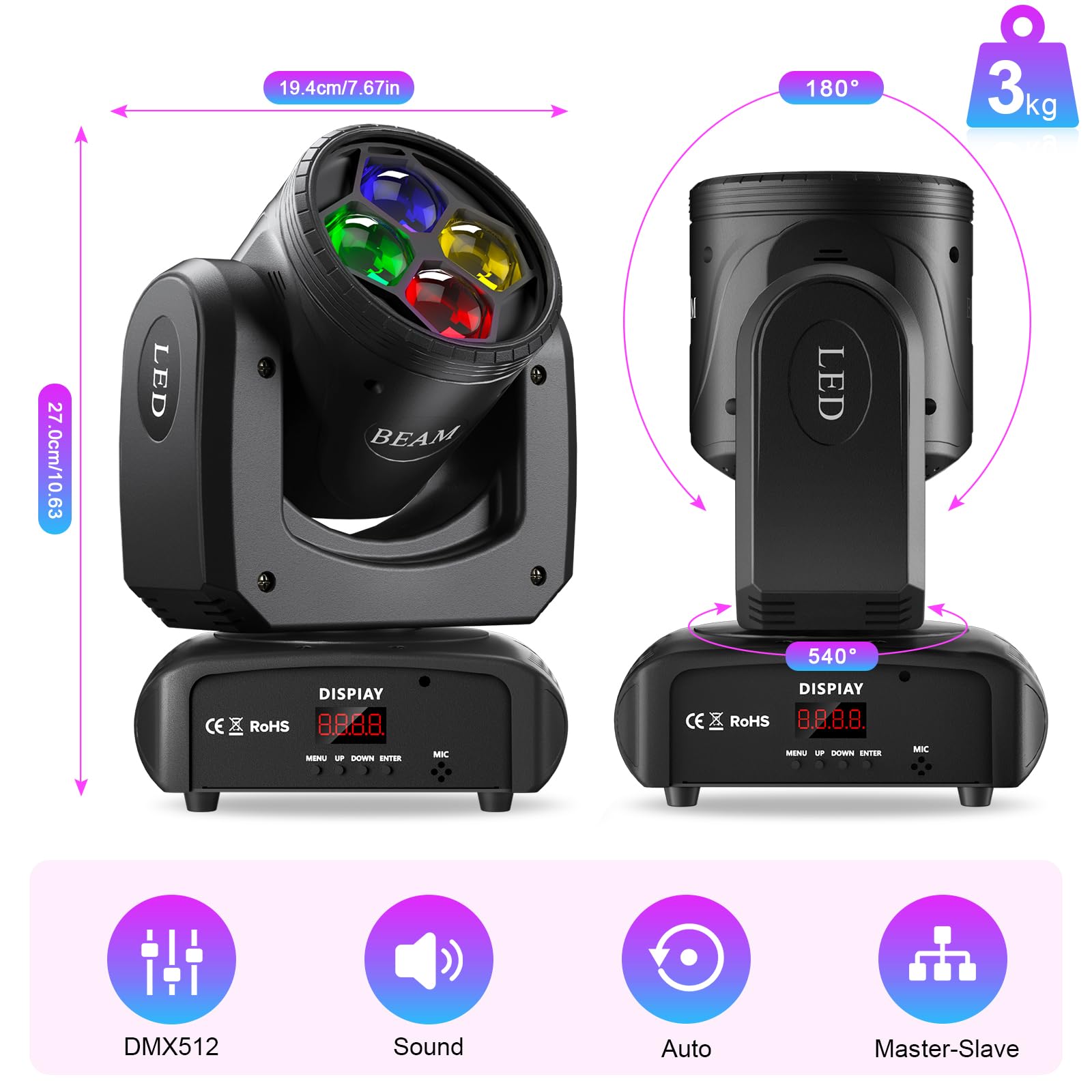 HOLDLAMP Moving Head DJ Lights 120W Bee Eye Beam Light 13 Colors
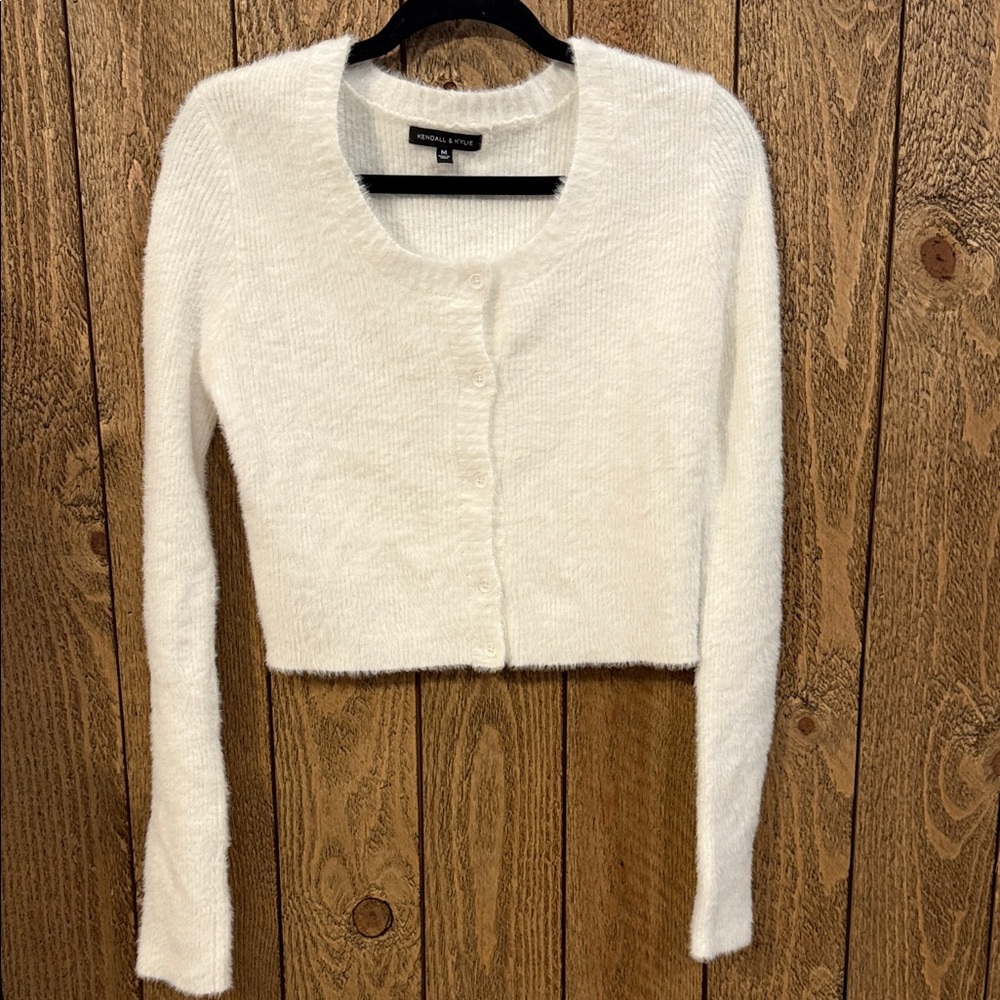 Kendall & Kylie Women's Ivory Cropped Cardigan ~ Medium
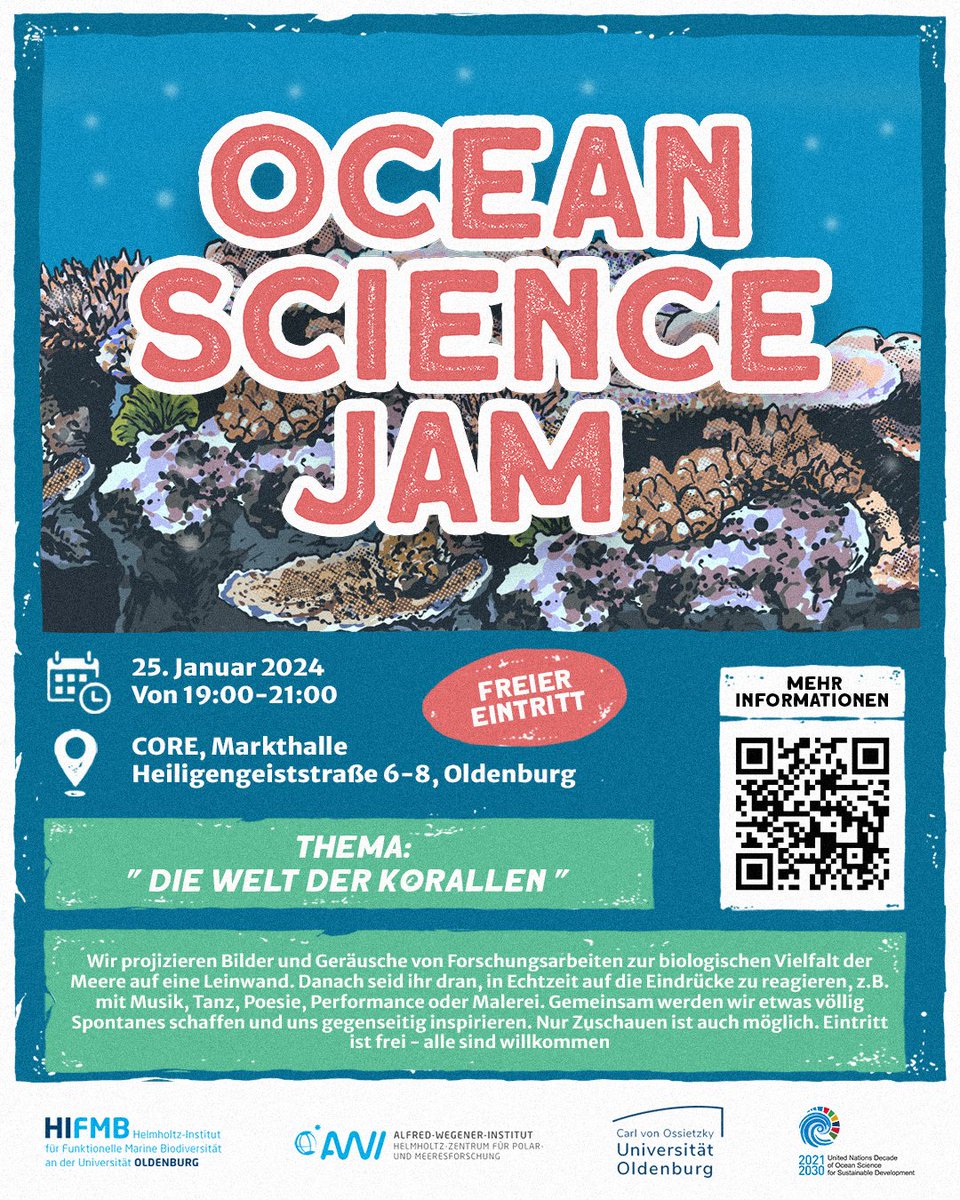 Don’t miss our 2nd #OceanScienceJam! This time on the world of corals 🪸🐠
Artists from all fields react in real time to images and sounds from science.
📆 January 25 | 7pm | Core Oldenburg
Be there, as a dancer, painter, musician... or simply watch and enjoy. 🤩
<a href="/AWI_Media/">AWI Media</a>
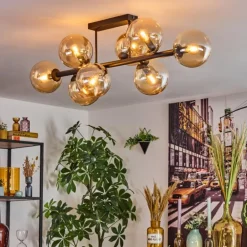 Gastor Plafonnier, Boule lumineuse Ambre, 8 lumières
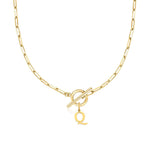 Load image into Gallery viewer, Paperclip Letter Initial Circle Lock Clasp Necklace

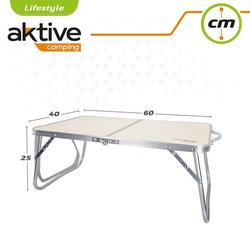 Mesa plegable camping Aktive blanca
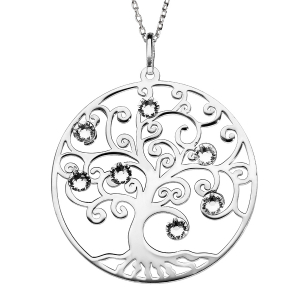 COLLIER ARGENT RHODIÉ PENDENTIF ARBRE DE VIE OXYDES BLANCS 42+3CM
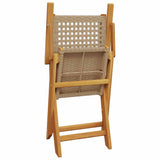 Folding Garden Chairs 8 pcs Beige Poly Rattan and Solid Wood - Close-Up Angle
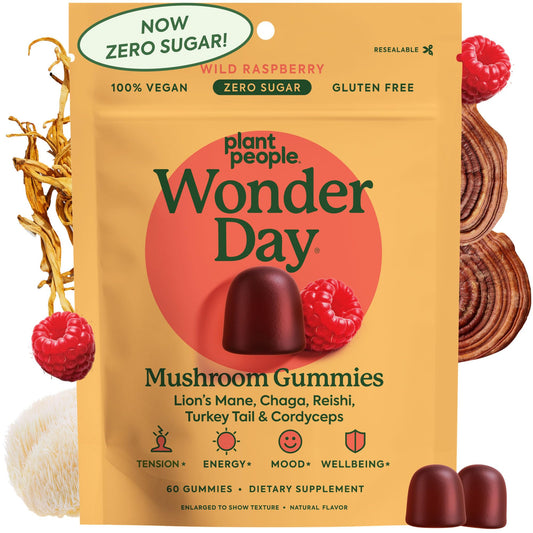 Plant People WonderDay gummies bottle front for easy daily energy and immune support.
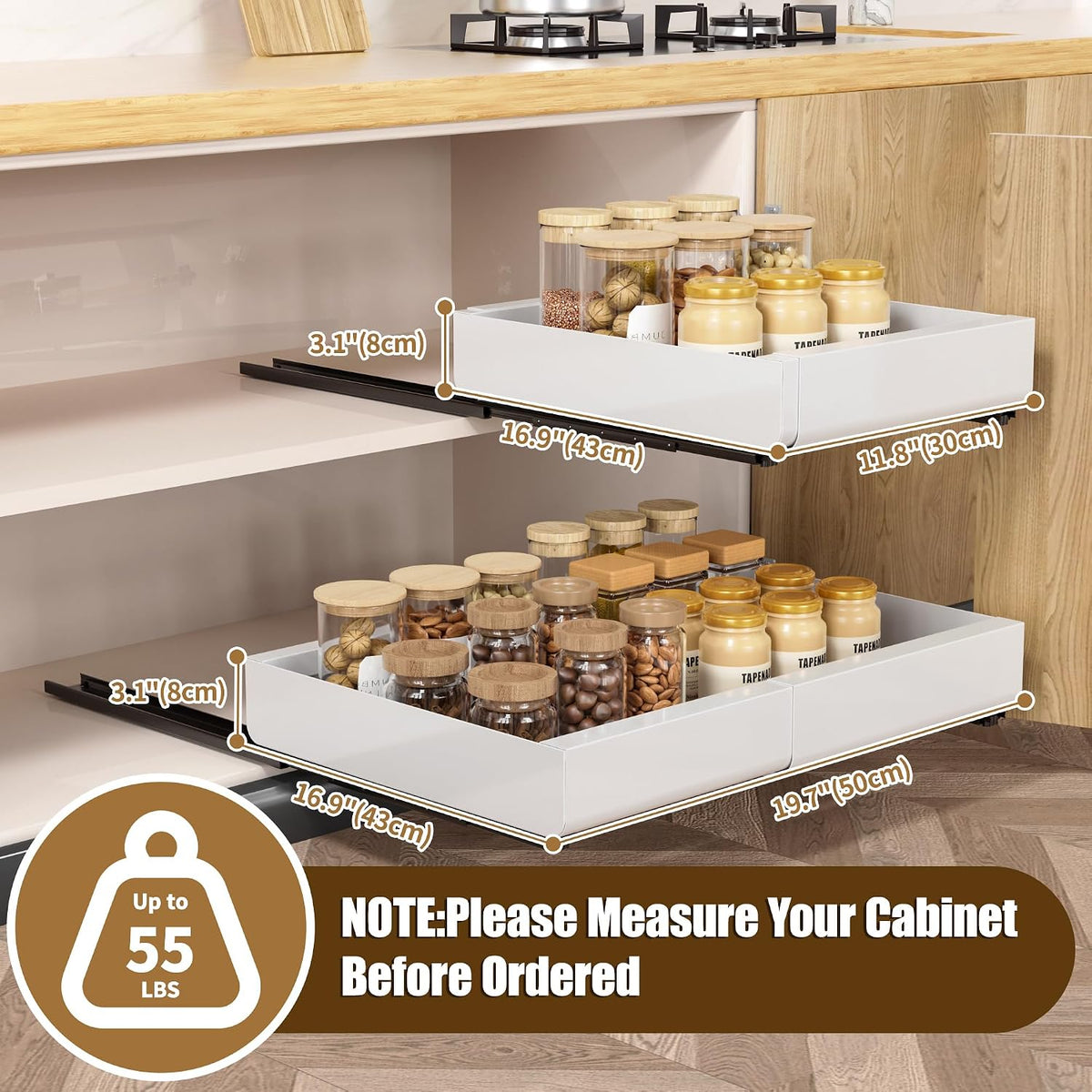 Pull Out Cabinet Organizer, 11.7"-19.7" Expandable Width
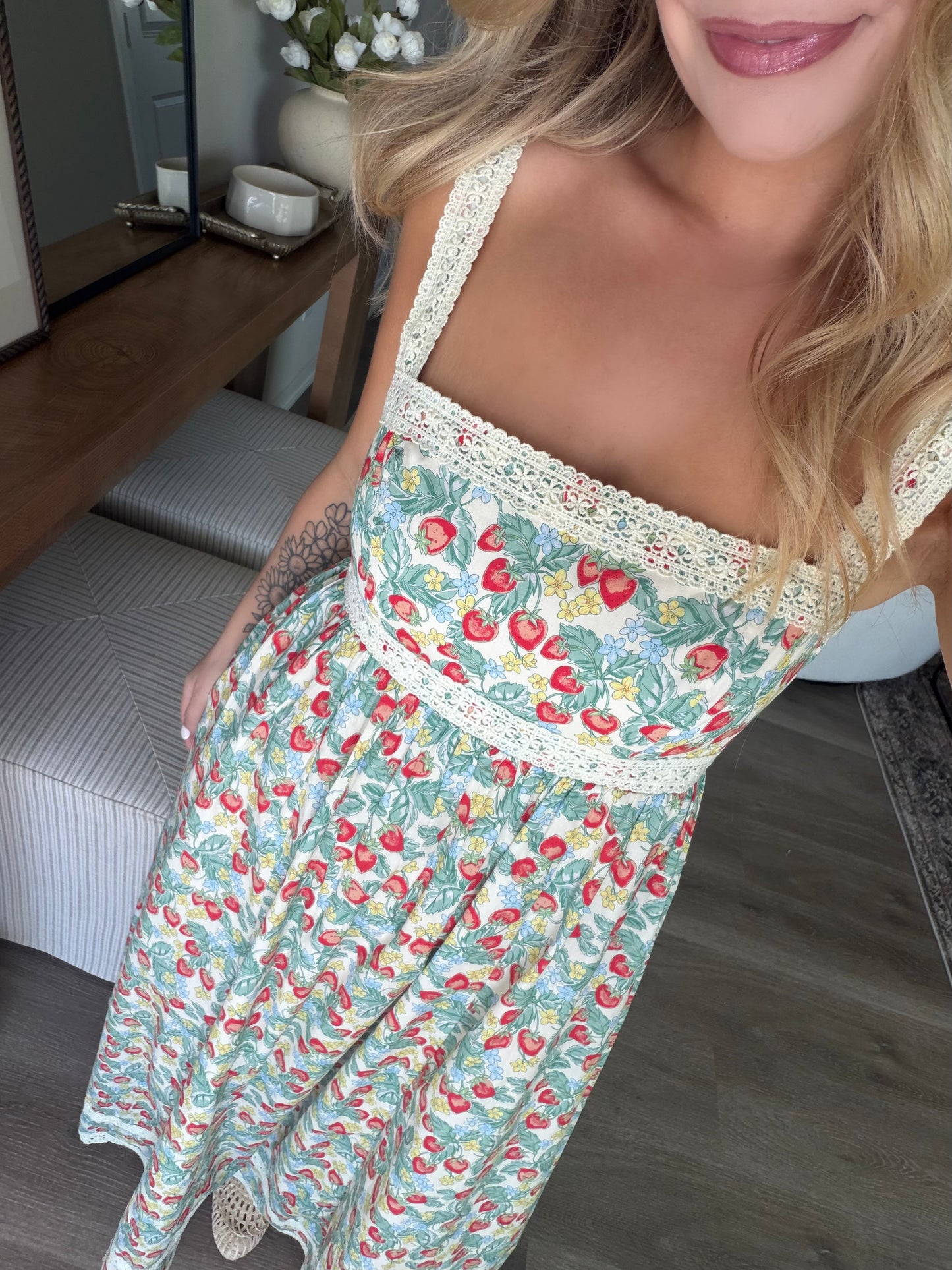 Strawberry Vineyard Maxi Dress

#### Work item
An exact copy of the entries above, with no pictures, is the required answer.

#### The answer
 HOLDLAMP Moving Head DJ Lights 120W Bee Eye Beam Light 13 Colors
 Kendall & Kylie Women's Ivory Cropped Cardigan ~ Medium
 Don’t miss our 2nd #OceanScienceJam! This time on the world of corals 🪸🐠
Artists from all fields react in real time to images and sounds from science.
📆 January 25 | 7pm | Core Oldenburg
Be there, as a dancer, painter, musician... or simply watch and enjoy. 🤩
<a href="/AWI_Media/">AWI Media</a>
 Gastor Plafonnier, Boule lumineuse Ambre, 8 lumières
 Load image into Gallery viewer, Paperclip Letter Initial Circle Lock Clasp Necklace

 Mesa plegable camping Aktive blanca
 COLLIER ARGENT RHODIÉ PENDENTIF ARBRE DE VIE OXYDES BLANCS 42+3CM
 Folding Garden Chairs 8 pcs Beige Poly Rattan and Solid Wood - Close-Up Angle
 Plant People WonderDay gummies bottle front for easy daily energy and immune support.
 Pull Out Cabinet Organizer, 11.7"-19.7" Expandable Width
 Strawberry Vineyard Maxi Dress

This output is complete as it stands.